_Try it:_
Please return, exactly and only, the lines beginning at the top of the entries below and ending with the line containing "Cama indiv/dupla c/2"; keep out the pictures.

Pictures with short captions

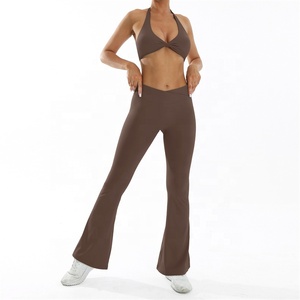 Women's Grey 2-Piece Yoga Set Halter Twist Sports Bra High Waist <b>Flare</b> <b>Leggings</b> Spandex Front Breathable Seamless Fitness - Product Image 4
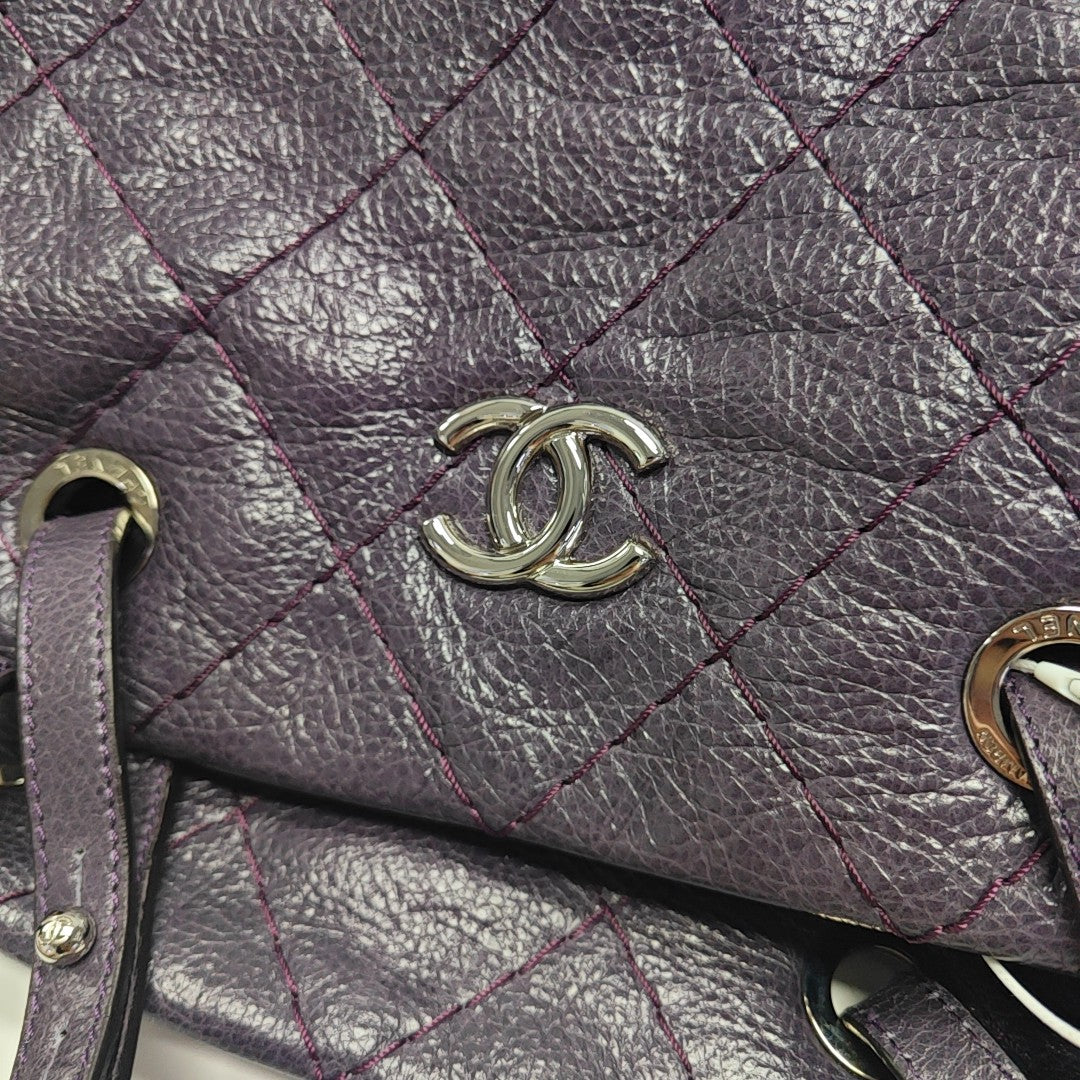 Quilted Calfskin Tote Bag Purple
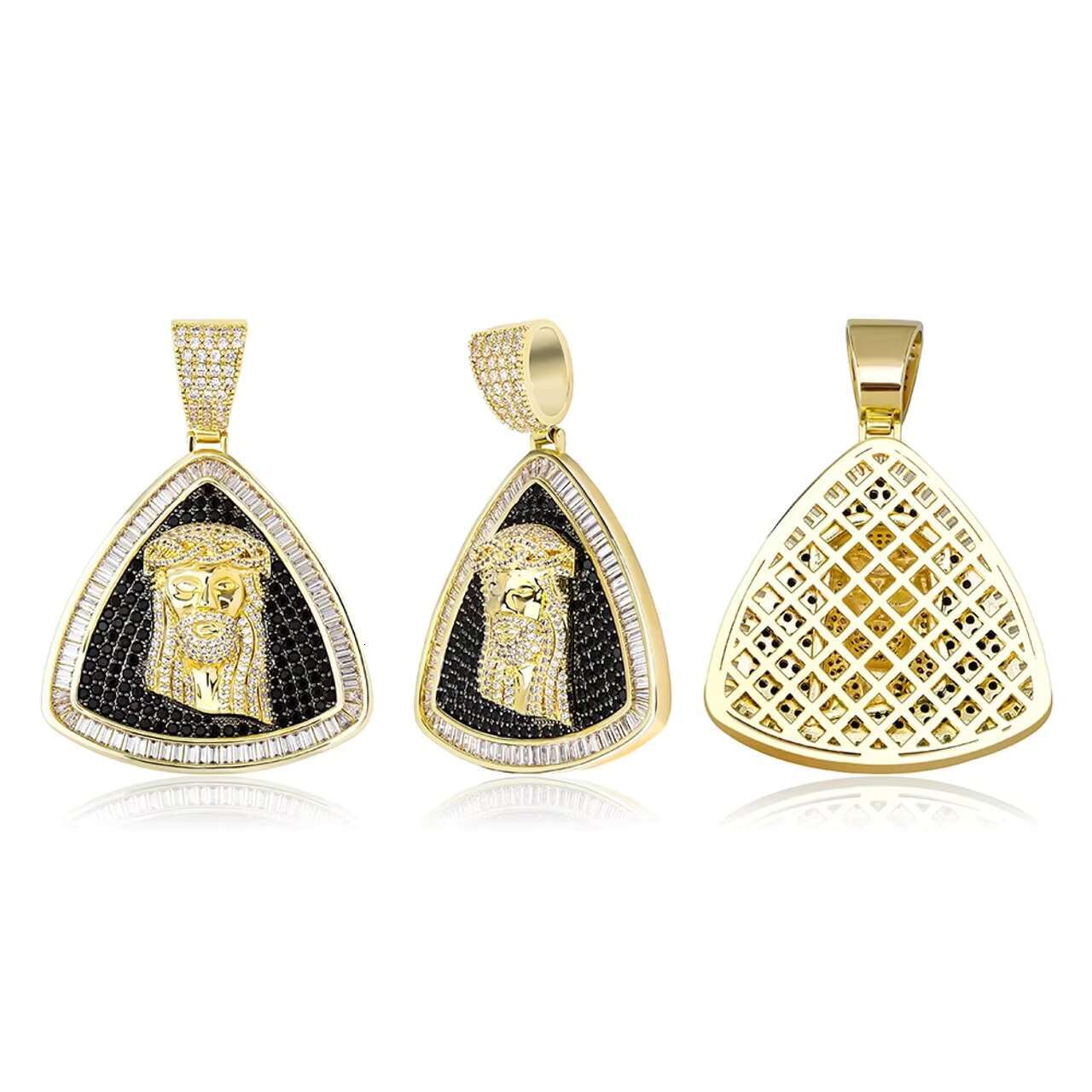 High Quality 14K Gold Plated Iced Jesus Face Pendant Baguette Moissanite Diamond Necklace in Hip Hop Christianity Style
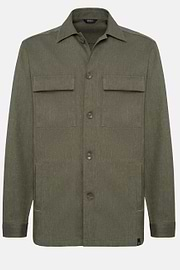 Cotton and Linen Link Shirt Jacket, Military Green, hi-res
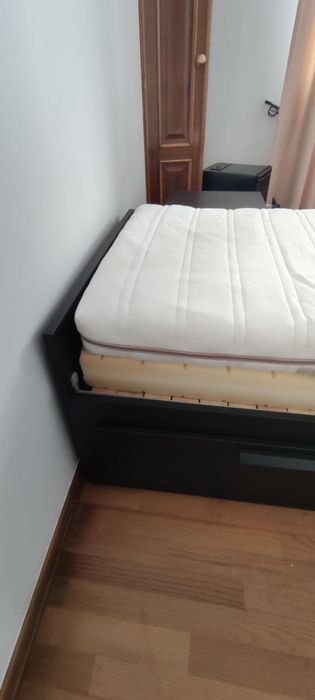 Cama indiv/dupla c/2 gav 2colchoes, branco BRIMNES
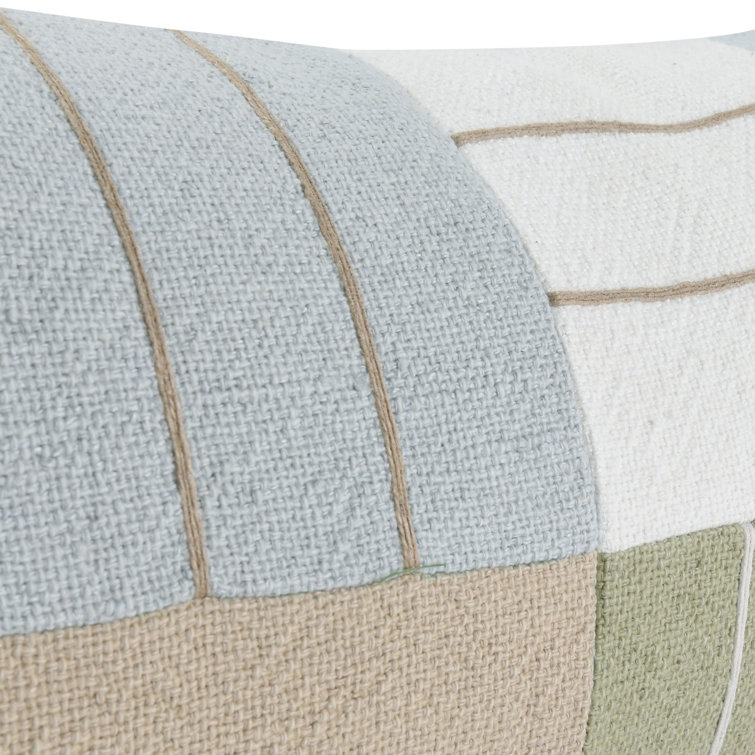Multicolor Linen Blend Patchwork Embroidered Throw Pillow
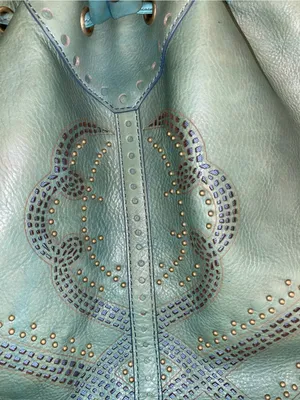 Y2K Vintage Cole Haan Teal Leather Drawstring brass studded Hobo Bag Boho fairy thumbnail 4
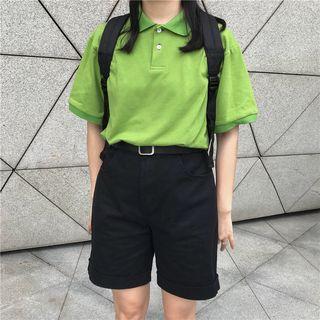 Short-sleeve Polo Shirt Green - One Size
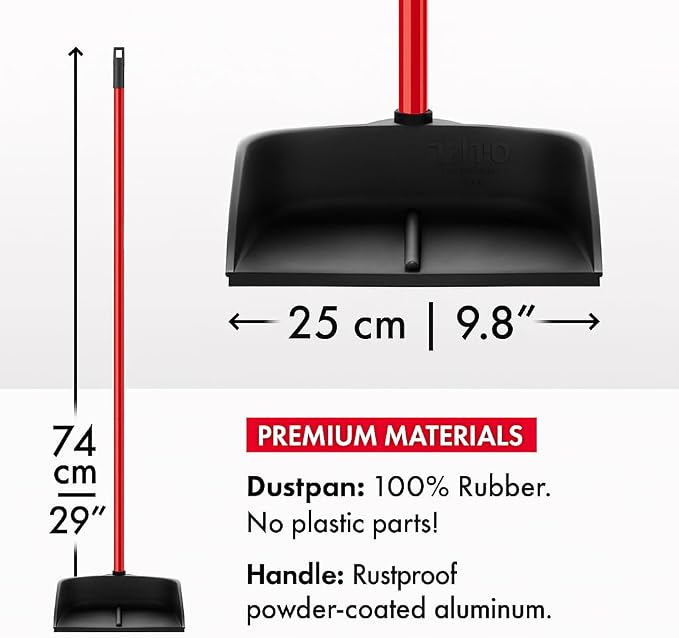 Dustpan with Handle by Ravmag- Solid Natural Rubber Construction- 29” Long - Image 4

_Solution to this task:_
 Women's Grey 2-Piece Yoga Set Halter Twist Sports Bra High Waist <b>Flare</b> <b>Leggings</b> Spandex Front Breathable Seamless Fitness - Product Image 4
 Quilted Calfskin Tote Bag Purple
 High Quality 14K Gold Plated Iced Jesus Face Pendant Baguette Moissanite Diamond Necklace in Hip Hop Christianity Style
 Cotton and Linen Link Shirt Jacket, Military Green, hi-res
 Cama indiv/dupla c/2 gav 2colchoes, branco BRIMNES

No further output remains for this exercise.